BostonHerald.com
Wednesday, June 20, 2001

Logan peak-pricing plan may contain `poison pill'
by Cosmo Macero Jr.

A plan to charge airlines more money to use Logan International Airport at
peak hours includes a ``poison pill'' exemption that's almost certain to
render the proposal inoperative, sources say.

That could further agitate anti-runway activists, who want Logan officials
to better control demand from major airlines if their efforts to halt a new
airstrip fail.

The Massachusetts Port Authority agreed to develop a so-called ``peak hour
pricing'' structure to win approval for its controversial new runway from
state Environmental Affairs Secretary Robert Durand. But a special exemption
that would relieve small passenger carriers like Cape Air from the extra
fees would face powerful opposition from the nation's major airlines - a
condition that Massport lawyers and other officials have been well aware of
for years.

``The airlines are going to weigh in there . . . and it will be very
instructive for us,'' said Massport Executive Director Virginia Buckingham,
who has signaled only lukewarm support for peak pricing.

But a likely result, sources say, may be an ultimate failure of peak hour
pricing to pass muster with the U.S. Department of Transportation, a
rejection of the plan in federal court, or both.

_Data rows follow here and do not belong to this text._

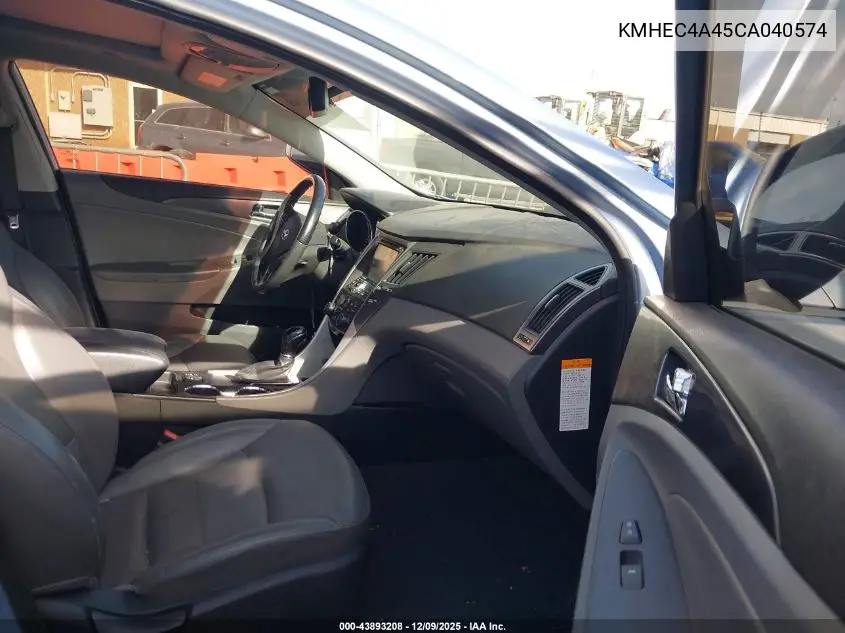 KMHEC4A45CA040574 2012 Hyundai Sonata Hybrid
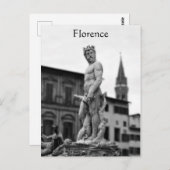 Statue Neptune, Florence, Italie, Carte postale (Devant / Derrière)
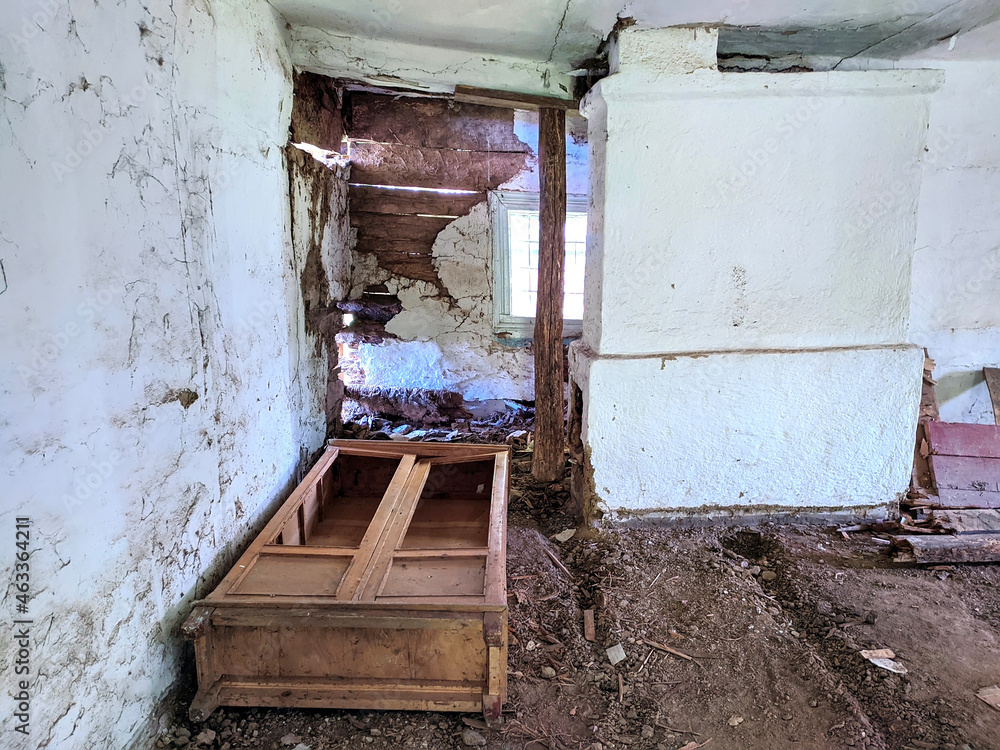 interior of an abandoned old village house interior of an abandoned old village house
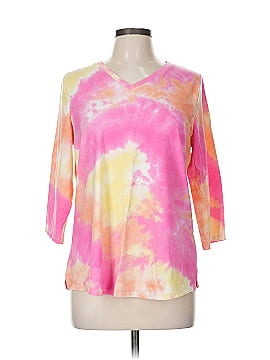 Belle By Kim Gravel 3/4 Sleeve Top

``You can't go forward with something that restricts American, Delta and
United, but not the small local carriers. They'll get an injunction to stop
it. Everybody knew that,'' said one former Massport official. ``It certainly
has the appearance of a poison pill that was placed in there by people who
never made a secret about their opposition to peak pricing. Massport knew
when they built in this exemption, they'd get sued and lose.''

The DOT shot down a premium landing fee program in 1988 because it
discriminated against small carriers. Observers say the reverse would be
true if small carriers are exempted from the current proposal.

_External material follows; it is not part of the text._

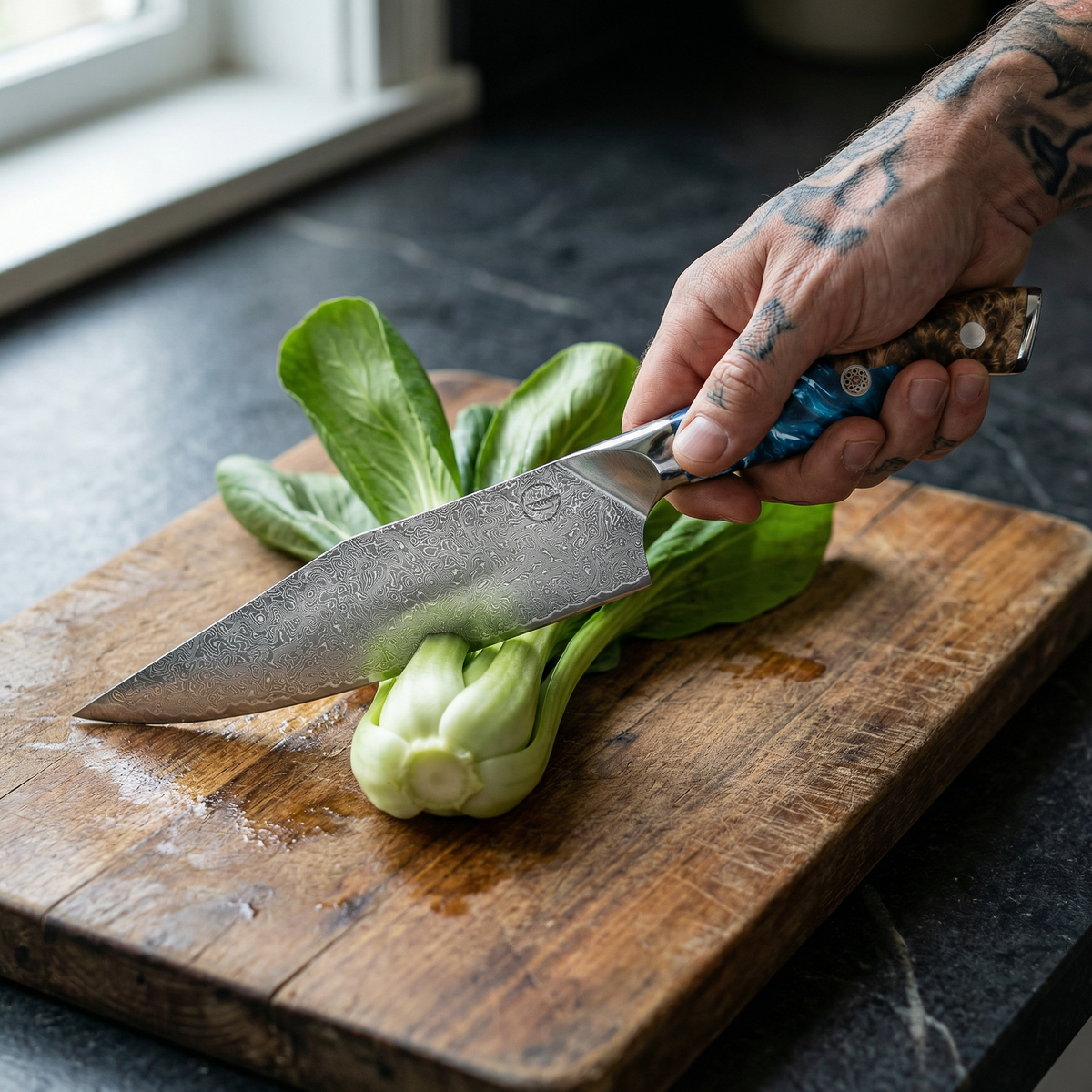 Nomad Damascus 8" Chef Knife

``Of course they'd all want to be exempt,'' former Massport chief Peter
Blute said of the major airlines. ``That was the problem we had.''

Blute, who launched the new runway initiative now being managed by
Buckingham, said airport officials as recently as 1999 didn't think peak
hour pricing would be necessary for another 10 years.

``We looked at it hard,'' he said. ``I would think the Tom Kintons of the
world are still vehemently opposed to (peak pricing).'' Kinton is Massport's
head of aviation.

Still, Betty Desrosiers, director of aviation planning and development for
Massport, said airport officials are ``confident that we can design a
program that can withstand any legal challenge.''

``I'm not saying this will be easy,'' she said. ``There is a lot of thinking
that needs to be done about how to design a program from the legal
perspective.''

Desrosiers and Buckingham said while the net effect of an exemption may be
to relieve small carriers of a potentially ruinous financial burden, the
intent is to simply preserve flight service to communities that large
airlines don't serve.

``There are communities in Massachusetts as well as in New England concerned
about the impact on their ability to access the national airspace system,''
Buckingham said. ``That's a concern we have to weigh.''

Anti-runway activists - who short of halting the runway outright want the
maximum measurers possible to control Logan demand - have blasted Durand for
including what they say is weak language on peak pricing in his approval of
the new runway.

In addition to allowing the exemption, the Massachusetts Environmental
Policy Act report opens the door for Massport to substitute other
undetermined measures to control demand for runway use.